Un an après Détenues, ­remarquable documentaire sur des femmes condamnées à de longues peines, Marie Drucker a choisi d’explorer l’enfance à travers une nouvelle plongée, tout aussi sensible et ­délicate, dans l’univers d’ado­lescents ­précoces. Si les sujets et les lieux de ces immersions dif­fèrent, on retrouve la même ­volonté d’éclairer un processus de ­construction en démontant les préjugés, les idées reçues et autres clichés.
Filmant à hauteur d’enfance, Marie Drucker s’attache à mettre en évidence la fragilité de ces enfants, leur sensibilité extrême, leur ­détresse à maîtriser la complexité de leur pensée, les interrogations qui se bousculent dans leur tête. Mais aussi leur rapport aux autres enfants, à leurs parents, à une quête de ­ perfection, d’absolu, qui les écrase.

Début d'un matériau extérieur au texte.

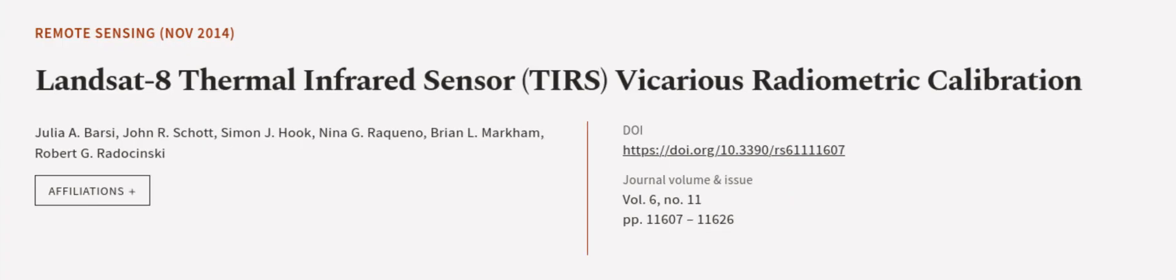This article was authored by Julia A. Barsi, John R. Schott, Simon J. Hook, and others.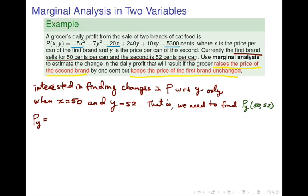So now we go back to the original function p. What we need to do is take the partial derivative with respect to y. Notice that when taking the partial with respect to y, the variable x is treated as a constant. The terms highlighted in blue are constants, so their derivatives go to 0. The only terms that matter are negative 7y squared, 240y, and 10xy. Differentiating those term by term, we get negative 14y plus 240 plus 10x.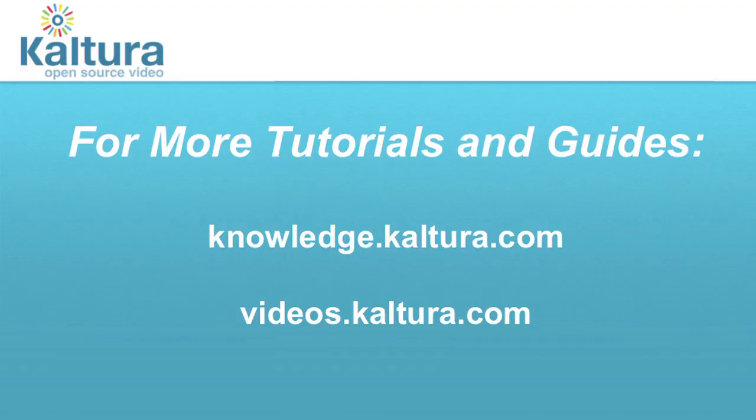For more tutorials and guides, please visit Kaltura's Knowledge Center and the Kaltura Video Center.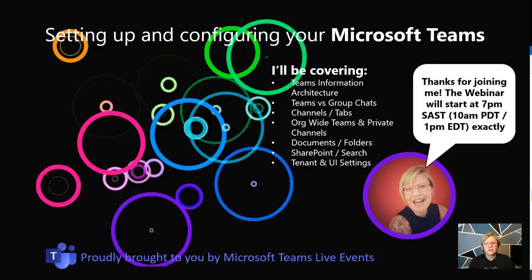A couple of days ago I shared a short video clip bragging about my lobby for my team's live event, and I promised that I would show how I actually did that. It's definitely much easier than you most probably would have thought, so let's get cracking and let me show you.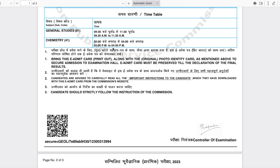There are some basic instructions: bring this e-admit card printout along with the original photo ID card as mentioned, to secure admission in the examination hall. The identity card you filled in the form must be the original. The e-admit card must be preserved till the declaration of the final result. Candidates are advised to carefully read the important instructions in the third page of the PDF.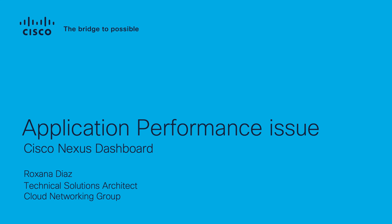Welcome, my name is Roxana Diaz, and today I will show you how Nexus Dashboard can help you to quickly respond to an application performance issue.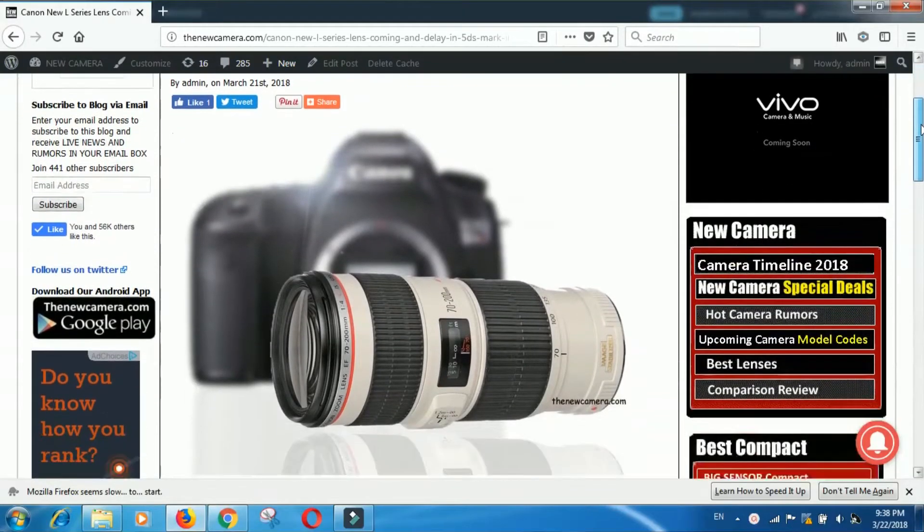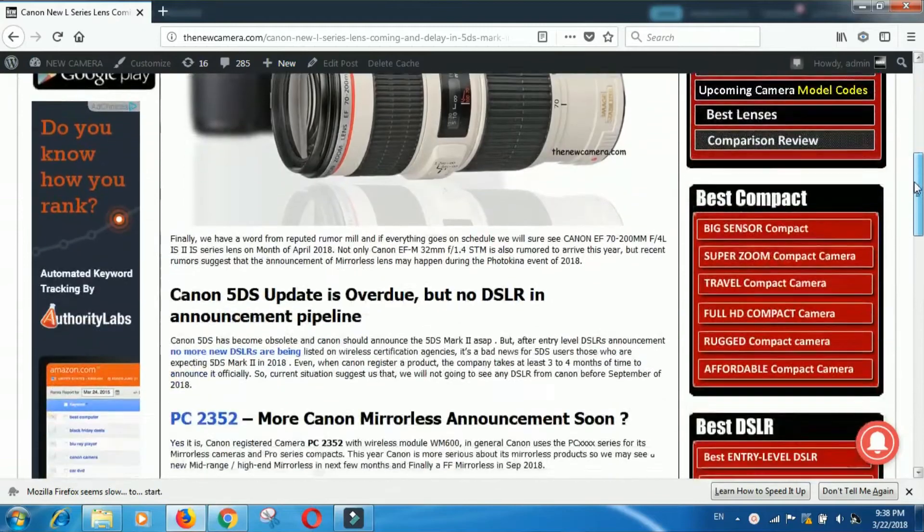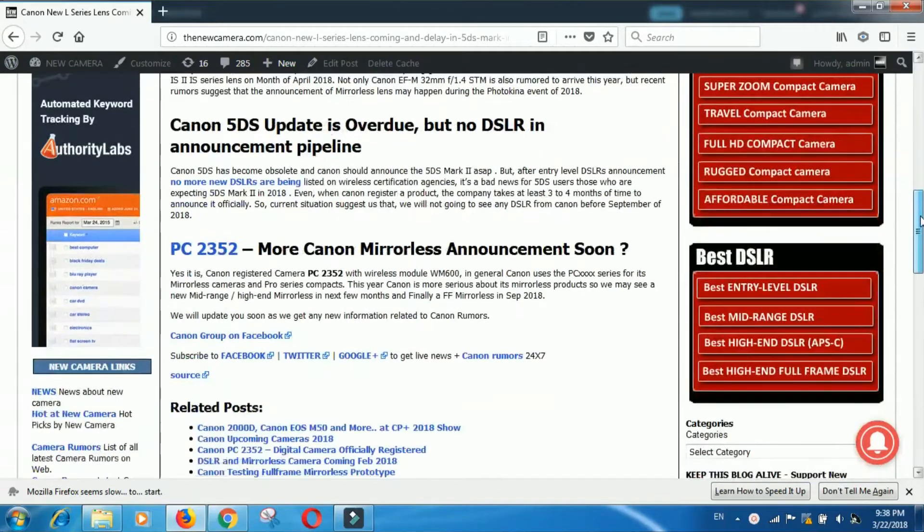In that article, I clearly stated that according to the current situation, there are no DSLRs being spotted in the wireless certification agencies. That clearly indicates that no DSLRs are currently in the announcement pipeline. But that is for DSLRs only.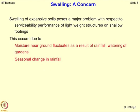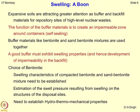Now let me talk about why swelling is a concern. The swelling of expansive soil poses a major problem with respect to serviceability performance of lightweight structures on shallow footings. This occurs because moisture near the ground fluctuates as a result of rainfall, watering of gardens, water logging, fluctuation of the water table, and seasonal changes in rainfall, which may cause swelling of the material, putting structures that are founded on it under stress or distress.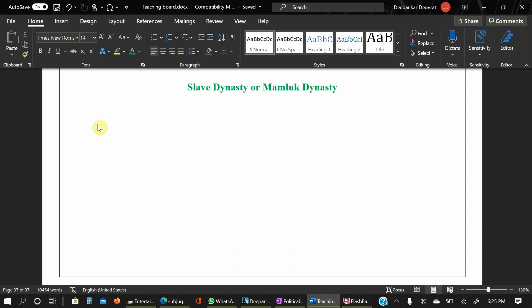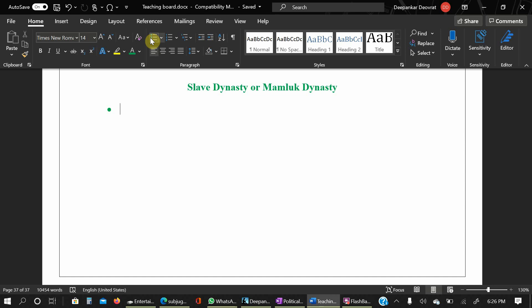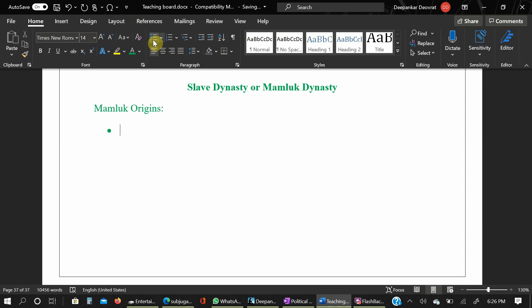Now we will see the Slave Dynasty. You can go on my channel where I have made various videos on ancient history, and different topics including sociology. So as per requirement you can go on my channel and search for it. We will start with the Slave Dynasty or Mamluk Dynasty. Mamluk Dynasty was also known as Slave Dynasty — we will look into the reason behind it. We will start from Mamluk origins, explained point-wise in short form.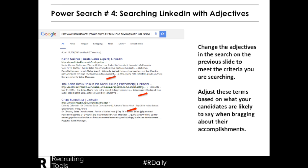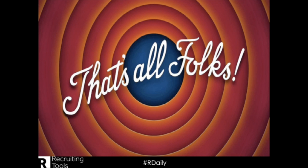Change these adjectives based on the search that you're looking for, as well as changing the site. Maybe you want to look at Facebook — go ahead and change the site to www.facebook.com. Either way, the adjectives will work to find candidates that have used the adjectives you select.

S’affranchissant de toute linéarité, en bousculant la chronologie, en se passant de tout commentaire, Le Courage de grandir s’offre, à l’image de ces adolescents et de leur pensée foisonnante, comme une arborescence de scènes savoureuses, d’instants à fleur d’émotion, de silences, de ­regards égarés en soi, de paroles poignantes. Ch. R
« Le Courage de grandir », de Marie Drucker (France, 2017, 65 min). Sur France.tv
Zoom sur le roman-photo

   


Au sortir de la seconde guerre mondiale, une nouvelle forme de récit naît en Italie. Mélange de bande dessinée et de photographie, le roman-photo voit sa popularité se propager rapidement. Notamment dans l’Hexagone, où un Français sur trois durant les années 1960 s’adonne à une lecture vilipendée autant par l’Eglise que par les mouvements féministes. En cause : des mises en scène sadiques ou érotiques et des scénarios à l’eau de rose.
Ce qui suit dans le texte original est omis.